### YOUR OBJECTIVE
Repeat, exactly as written, the lines of the records below from the first through the line with "Used 2020 McLaren 600LT Spider RWD image 20", but none past it.

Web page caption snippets
((
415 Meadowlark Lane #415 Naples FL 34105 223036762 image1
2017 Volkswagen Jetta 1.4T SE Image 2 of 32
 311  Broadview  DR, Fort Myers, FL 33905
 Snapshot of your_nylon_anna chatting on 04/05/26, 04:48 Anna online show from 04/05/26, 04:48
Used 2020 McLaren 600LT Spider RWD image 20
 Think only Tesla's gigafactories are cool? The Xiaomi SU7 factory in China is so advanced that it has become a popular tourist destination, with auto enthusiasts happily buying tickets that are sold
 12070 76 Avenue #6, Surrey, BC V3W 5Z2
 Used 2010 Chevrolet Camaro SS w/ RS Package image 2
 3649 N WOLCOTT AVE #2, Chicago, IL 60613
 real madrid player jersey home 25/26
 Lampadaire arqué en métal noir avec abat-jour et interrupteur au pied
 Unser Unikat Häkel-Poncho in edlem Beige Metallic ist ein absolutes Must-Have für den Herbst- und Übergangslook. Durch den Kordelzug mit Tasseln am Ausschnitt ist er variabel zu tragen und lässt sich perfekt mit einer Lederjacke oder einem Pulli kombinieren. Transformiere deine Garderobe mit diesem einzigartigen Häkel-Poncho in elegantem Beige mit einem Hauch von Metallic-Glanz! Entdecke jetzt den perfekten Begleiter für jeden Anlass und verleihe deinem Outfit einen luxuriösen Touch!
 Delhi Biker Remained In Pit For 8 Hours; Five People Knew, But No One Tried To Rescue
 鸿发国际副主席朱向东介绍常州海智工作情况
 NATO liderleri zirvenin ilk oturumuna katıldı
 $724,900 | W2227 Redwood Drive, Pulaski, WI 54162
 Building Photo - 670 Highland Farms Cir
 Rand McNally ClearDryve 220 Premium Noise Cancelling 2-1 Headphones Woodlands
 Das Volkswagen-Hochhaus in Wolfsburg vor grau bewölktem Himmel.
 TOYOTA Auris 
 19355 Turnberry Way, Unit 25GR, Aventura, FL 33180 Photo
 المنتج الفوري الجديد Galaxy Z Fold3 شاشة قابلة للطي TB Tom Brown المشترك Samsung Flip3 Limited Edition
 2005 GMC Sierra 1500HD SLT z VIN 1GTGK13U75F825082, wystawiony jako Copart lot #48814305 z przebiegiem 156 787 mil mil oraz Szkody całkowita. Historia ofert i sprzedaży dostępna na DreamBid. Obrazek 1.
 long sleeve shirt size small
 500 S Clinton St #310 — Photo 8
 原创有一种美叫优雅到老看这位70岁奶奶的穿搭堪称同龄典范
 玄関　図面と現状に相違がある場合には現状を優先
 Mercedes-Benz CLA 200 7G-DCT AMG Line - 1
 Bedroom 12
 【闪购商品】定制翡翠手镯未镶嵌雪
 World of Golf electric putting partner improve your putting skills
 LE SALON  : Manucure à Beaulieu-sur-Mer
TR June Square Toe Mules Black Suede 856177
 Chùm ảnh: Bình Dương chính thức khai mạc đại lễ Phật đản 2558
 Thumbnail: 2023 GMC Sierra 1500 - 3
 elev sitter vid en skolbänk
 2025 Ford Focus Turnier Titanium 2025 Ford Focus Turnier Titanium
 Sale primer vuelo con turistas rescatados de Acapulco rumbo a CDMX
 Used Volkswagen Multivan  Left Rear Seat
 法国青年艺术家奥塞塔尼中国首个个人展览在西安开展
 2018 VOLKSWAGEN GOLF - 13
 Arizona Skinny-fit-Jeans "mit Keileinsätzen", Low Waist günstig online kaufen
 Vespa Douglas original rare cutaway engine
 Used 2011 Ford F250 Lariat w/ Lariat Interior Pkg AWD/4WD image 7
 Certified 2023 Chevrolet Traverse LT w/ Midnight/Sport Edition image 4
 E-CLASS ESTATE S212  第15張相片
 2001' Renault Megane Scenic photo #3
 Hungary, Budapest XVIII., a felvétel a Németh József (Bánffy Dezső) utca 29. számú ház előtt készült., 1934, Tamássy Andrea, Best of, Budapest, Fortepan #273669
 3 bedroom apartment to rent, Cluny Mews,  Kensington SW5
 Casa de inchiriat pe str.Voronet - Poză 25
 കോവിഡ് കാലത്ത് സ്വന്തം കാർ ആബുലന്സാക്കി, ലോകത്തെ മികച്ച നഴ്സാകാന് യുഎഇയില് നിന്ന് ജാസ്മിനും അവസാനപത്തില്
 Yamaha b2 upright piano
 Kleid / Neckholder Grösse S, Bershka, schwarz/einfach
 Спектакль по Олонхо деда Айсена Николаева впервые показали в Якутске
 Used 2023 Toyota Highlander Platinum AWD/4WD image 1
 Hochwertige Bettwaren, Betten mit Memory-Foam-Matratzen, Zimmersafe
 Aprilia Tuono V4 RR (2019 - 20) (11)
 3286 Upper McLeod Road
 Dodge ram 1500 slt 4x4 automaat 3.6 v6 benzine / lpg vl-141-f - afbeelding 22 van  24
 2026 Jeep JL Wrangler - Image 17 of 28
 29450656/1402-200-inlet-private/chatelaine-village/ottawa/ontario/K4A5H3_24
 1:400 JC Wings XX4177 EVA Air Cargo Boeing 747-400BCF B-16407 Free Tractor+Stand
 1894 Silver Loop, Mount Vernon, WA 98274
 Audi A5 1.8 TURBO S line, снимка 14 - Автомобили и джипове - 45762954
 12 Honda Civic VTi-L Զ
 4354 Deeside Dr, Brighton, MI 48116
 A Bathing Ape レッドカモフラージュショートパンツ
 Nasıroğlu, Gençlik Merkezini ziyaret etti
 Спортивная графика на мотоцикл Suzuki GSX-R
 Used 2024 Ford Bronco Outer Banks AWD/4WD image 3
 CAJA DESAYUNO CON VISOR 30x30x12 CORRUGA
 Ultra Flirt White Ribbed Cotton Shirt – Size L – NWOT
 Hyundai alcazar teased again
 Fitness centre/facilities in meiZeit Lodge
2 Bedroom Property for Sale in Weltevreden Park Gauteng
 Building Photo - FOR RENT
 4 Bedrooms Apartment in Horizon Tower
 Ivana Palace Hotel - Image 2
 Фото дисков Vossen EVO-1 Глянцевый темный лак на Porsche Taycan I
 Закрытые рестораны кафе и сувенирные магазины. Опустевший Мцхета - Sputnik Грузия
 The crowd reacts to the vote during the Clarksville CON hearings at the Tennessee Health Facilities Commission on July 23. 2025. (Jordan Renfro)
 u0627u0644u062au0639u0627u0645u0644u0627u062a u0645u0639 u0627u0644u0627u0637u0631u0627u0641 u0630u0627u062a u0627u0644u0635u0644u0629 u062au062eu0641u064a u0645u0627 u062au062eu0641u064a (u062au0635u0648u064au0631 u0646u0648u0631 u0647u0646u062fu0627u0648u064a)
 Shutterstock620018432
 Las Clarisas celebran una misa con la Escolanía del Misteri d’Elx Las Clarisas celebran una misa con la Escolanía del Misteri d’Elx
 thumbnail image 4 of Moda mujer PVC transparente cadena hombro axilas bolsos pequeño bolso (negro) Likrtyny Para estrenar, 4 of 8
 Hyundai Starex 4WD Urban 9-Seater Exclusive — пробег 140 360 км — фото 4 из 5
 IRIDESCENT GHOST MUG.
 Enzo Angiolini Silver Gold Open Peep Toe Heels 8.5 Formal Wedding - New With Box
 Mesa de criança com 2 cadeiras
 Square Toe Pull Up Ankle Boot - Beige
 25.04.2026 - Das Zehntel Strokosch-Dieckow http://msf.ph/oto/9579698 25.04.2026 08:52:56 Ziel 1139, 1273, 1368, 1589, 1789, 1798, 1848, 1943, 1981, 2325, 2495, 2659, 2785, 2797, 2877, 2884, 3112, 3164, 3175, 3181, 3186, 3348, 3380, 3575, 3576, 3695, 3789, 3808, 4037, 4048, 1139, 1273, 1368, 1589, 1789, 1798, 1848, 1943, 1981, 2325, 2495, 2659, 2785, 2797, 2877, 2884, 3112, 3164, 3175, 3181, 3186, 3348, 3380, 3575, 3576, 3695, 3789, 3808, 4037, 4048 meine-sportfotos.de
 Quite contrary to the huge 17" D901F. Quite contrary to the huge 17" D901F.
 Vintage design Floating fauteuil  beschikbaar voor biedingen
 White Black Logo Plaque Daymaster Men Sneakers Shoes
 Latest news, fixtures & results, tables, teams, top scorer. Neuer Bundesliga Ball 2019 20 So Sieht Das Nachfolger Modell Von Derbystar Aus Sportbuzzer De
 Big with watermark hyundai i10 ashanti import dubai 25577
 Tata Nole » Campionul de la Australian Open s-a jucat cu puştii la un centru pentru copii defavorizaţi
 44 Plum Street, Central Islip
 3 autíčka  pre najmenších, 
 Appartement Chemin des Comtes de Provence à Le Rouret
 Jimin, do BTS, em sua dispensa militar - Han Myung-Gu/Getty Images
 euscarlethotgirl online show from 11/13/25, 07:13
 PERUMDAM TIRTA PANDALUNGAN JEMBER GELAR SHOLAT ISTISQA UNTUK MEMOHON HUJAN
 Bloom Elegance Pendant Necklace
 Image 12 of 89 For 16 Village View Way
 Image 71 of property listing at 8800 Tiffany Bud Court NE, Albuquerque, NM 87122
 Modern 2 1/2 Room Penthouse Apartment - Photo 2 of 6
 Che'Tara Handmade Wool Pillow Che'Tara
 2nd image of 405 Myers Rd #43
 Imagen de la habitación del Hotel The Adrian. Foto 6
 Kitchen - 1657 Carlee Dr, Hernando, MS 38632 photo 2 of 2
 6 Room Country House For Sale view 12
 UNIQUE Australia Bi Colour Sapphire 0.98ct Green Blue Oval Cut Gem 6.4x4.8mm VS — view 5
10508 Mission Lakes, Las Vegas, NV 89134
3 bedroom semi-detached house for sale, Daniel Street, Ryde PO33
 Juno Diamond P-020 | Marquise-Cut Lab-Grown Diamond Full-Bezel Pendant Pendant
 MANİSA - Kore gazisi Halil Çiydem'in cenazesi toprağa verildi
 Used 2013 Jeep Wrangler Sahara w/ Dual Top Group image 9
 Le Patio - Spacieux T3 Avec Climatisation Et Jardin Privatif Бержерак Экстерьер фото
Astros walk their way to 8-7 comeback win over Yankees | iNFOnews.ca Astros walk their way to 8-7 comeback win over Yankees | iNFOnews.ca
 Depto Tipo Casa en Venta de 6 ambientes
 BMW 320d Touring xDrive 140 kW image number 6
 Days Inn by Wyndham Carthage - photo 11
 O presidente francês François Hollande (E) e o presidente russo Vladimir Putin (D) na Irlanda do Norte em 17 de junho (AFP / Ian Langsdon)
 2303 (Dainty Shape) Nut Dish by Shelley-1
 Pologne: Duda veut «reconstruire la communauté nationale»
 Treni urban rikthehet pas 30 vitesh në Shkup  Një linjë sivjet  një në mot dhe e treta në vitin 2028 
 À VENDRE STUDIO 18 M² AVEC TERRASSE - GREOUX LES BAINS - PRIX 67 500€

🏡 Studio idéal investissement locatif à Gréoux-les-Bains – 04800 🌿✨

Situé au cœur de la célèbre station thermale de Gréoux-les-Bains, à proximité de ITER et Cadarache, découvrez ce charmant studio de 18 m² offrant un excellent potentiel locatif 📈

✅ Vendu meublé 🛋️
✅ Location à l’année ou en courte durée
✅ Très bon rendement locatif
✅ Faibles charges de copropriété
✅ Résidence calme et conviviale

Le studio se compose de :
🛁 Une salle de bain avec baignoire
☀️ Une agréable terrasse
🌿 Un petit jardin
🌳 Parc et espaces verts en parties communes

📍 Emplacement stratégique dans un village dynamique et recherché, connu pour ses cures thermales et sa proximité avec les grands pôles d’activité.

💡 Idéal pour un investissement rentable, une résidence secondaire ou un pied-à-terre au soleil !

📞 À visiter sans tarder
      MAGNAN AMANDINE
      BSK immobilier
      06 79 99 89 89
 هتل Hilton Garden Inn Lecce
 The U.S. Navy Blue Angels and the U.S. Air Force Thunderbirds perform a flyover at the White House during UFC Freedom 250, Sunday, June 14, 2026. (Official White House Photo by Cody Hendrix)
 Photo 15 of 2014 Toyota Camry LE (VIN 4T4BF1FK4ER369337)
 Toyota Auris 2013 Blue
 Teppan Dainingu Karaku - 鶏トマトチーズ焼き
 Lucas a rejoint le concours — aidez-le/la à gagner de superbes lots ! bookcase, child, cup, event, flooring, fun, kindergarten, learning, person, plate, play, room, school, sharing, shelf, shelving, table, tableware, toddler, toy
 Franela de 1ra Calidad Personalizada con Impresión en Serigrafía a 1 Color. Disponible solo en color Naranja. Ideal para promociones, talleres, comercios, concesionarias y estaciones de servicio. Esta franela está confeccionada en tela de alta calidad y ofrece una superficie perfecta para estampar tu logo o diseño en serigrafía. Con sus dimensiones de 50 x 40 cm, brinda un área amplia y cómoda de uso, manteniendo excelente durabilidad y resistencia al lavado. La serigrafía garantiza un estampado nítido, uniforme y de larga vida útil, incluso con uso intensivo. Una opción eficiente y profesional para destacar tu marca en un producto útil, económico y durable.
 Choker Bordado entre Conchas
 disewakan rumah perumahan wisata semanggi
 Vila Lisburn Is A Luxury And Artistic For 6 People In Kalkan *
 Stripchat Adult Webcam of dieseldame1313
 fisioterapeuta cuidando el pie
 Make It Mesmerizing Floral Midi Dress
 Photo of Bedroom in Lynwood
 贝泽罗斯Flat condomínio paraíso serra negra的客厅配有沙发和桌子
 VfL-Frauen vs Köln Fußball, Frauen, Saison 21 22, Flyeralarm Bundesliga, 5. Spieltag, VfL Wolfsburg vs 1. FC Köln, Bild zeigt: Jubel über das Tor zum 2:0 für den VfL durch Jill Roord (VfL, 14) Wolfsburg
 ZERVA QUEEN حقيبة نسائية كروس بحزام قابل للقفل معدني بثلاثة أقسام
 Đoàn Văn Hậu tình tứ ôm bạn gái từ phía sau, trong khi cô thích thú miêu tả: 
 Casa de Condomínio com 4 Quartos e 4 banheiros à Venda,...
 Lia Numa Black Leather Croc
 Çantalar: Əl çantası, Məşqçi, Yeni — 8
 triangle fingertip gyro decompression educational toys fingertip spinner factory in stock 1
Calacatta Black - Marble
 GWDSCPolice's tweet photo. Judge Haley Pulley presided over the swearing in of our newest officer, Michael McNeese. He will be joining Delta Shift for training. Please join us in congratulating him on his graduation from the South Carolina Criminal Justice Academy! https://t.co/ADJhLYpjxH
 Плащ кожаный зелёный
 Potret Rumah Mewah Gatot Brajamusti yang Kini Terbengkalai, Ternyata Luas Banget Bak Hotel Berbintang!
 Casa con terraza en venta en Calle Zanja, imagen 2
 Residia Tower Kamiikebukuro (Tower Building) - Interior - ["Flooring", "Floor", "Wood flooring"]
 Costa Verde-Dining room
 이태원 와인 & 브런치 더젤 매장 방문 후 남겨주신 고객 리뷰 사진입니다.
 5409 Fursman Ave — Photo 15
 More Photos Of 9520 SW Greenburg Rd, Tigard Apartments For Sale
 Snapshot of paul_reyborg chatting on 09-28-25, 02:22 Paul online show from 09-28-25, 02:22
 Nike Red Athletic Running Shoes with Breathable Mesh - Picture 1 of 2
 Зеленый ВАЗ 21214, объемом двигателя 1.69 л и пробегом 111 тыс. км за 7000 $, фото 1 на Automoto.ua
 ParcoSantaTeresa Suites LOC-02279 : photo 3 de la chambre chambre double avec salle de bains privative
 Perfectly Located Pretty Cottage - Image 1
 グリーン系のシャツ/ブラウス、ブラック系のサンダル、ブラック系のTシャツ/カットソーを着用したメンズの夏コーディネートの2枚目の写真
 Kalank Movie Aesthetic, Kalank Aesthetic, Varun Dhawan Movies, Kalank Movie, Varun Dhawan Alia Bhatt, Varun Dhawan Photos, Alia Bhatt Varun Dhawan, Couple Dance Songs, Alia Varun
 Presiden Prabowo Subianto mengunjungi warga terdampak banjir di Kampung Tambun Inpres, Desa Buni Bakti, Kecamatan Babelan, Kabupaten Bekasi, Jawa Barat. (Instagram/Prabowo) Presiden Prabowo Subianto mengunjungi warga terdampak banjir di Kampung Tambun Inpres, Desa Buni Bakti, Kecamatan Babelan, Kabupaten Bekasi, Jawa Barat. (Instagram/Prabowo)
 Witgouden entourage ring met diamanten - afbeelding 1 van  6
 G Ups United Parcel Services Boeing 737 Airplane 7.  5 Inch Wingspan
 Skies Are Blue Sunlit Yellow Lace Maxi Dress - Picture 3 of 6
))
### RESULT FOR THIS TASK
415 Meadowlark Lane #415 Naples FL 34105 223036762 image1
2017 Volkswagen Jetta 1.4T SE Image 2 of 32
 311  Broadview  DR, Fort Myers, FL 33905
 Snapshot of your_nylon_anna chatting on 04/05/26, 04:48 Anna online show from 04/05/26, 04:48
Used 2020 McLaren 600LT Spider RWD image 20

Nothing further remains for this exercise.